R.R. Merliss. The Stutterer.
Originally in : Astounding, 1955.
The anthology opens with a story, the theme of which holds up well some fifty years later. Interestingly the illustrator of a German translation (‘The War Robot’) was prescient in his drawing of a Terminator-like android. Full Best SF Review here.
Avram Davidson. The Golem.
Originally in : The Magazine of Fantasy and Science Fiction, March 1955.
A sweet little story in which an elderly, retired Jewish couple sitting on their porch are paid a visit by a Golem hell-bent on world domination. Full Best SF Review here.
Robert Abernathy. Junior.
Originally in : Galaxy Magazine, January 1956.

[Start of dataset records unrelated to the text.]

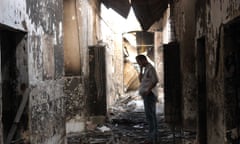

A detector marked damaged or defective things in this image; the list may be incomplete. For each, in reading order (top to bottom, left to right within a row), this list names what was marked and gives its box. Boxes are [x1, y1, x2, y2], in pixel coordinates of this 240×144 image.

damaged doorway [0, 27, 28, 143]
charred wall [0, 0, 65, 144]
burned ceiling [101, 0, 169, 30]
damaged doorway [223, 17, 240, 141]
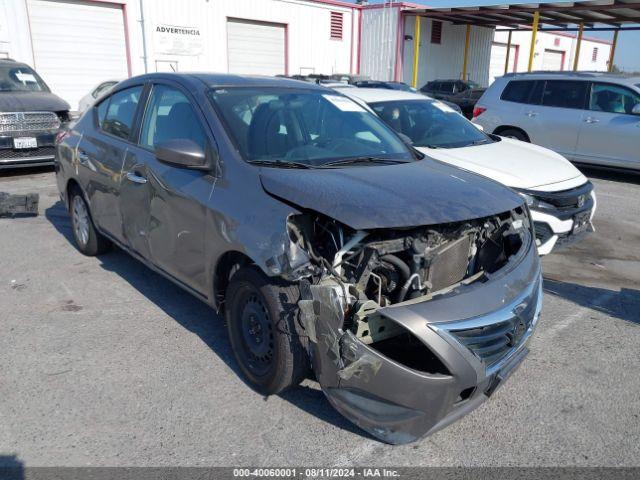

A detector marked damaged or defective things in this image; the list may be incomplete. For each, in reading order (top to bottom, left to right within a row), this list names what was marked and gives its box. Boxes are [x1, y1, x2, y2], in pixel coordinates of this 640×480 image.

crumpled hood [0, 91, 69, 112]
damaged nissan versa [56, 73, 544, 444]
crumpled hood [260, 159, 524, 231]
front-end collision damage [278, 204, 544, 444]
damaged bumper [300, 238, 540, 444]
crumpled hood [418, 137, 588, 191]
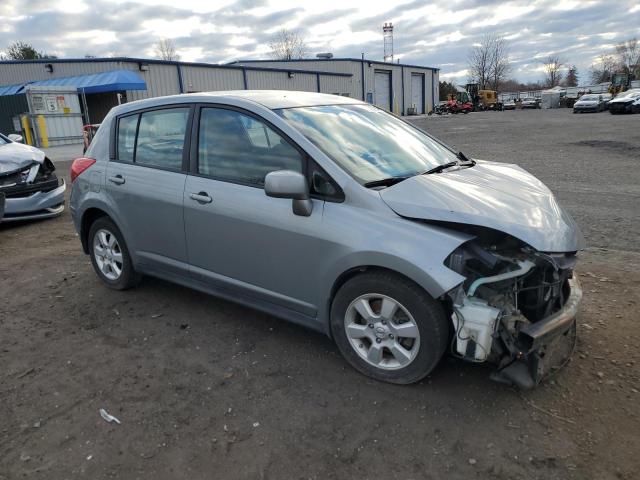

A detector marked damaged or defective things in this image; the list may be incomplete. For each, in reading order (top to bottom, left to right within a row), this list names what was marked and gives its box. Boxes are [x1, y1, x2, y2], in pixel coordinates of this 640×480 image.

crumpled hood [0, 142, 44, 176]
damaged white car [0, 131, 66, 221]
damaged silver hatchback [0, 131, 66, 221]
crushed front bumper [0, 179, 66, 222]
damaged silver hatchback [71, 91, 584, 390]
crumpled hood [380, 160, 584, 253]
crushed front bumper [492, 276, 584, 388]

As with the preceding story, a short, gentle amusing tale. A troublesome teen decides that he wants more from life than putting roots down with a nice girl. (Oh, and he’s an alien). Full Best SF Review here.
James E. Gunn. The Cave of Night.
Originally in : Galaxy Magazine, February 1955.

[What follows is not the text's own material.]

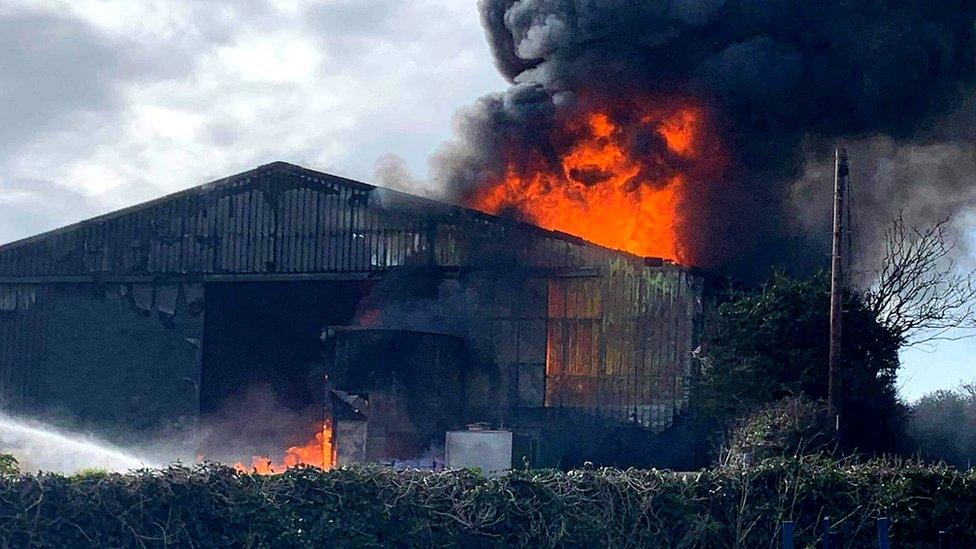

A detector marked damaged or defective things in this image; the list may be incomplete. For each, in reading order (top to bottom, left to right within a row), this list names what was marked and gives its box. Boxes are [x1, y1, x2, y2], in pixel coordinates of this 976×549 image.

After two shorter stories, lighter in tone, an altogether more serious tone, as Gunn foreshadows the drama of Apollo 13 and the ‘fake Moon landing’ conspiracy theorists with a story that holds up well. Full Best SF Review here.
Walter M. Miller Jr. The Hoofer.
Originally in : Fantastic Universe, September 1955.

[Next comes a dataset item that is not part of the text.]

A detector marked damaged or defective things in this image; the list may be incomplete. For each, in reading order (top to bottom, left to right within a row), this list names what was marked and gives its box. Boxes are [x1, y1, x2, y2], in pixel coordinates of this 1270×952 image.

A spacer is back on Earth, having completed a seventh, and final mission, supposedly to turn his back on space and to settle with his wife and child. A sobering tale, with some great writing. Full Best SF Review here.
Theodore Sturgeon. Bulkhead.
Originally in : Galaxy Science Fiction, March 1955 (titled ‘Who?’)
The two titles, ‘Who?’ and ‘Bulkhead’ get to the crux of the story. The protagonist is a space cadet who wants to be a starship captain, and this requires him to go on a solo Long Haul space trip to prove his mettle. An intense story with a doozy of an ending. Full Best SF Review here.
Mark Clifton. Sense From Thought Divide.
Astounding Science Fiction, March 1955.
A mildly amusing tale of psi, swamis, scientific frameworks and anti-gravity. Rather longer than it really needed to be, and probably made more sense back in the 50s when psychic abilities had evidently not yet been fully debunked. (No Full Best SF Review, that’s it..)
Zenna Henderson. Pottage.
Originally in The Magazine of Fantasy and Science Fiction, September 1955.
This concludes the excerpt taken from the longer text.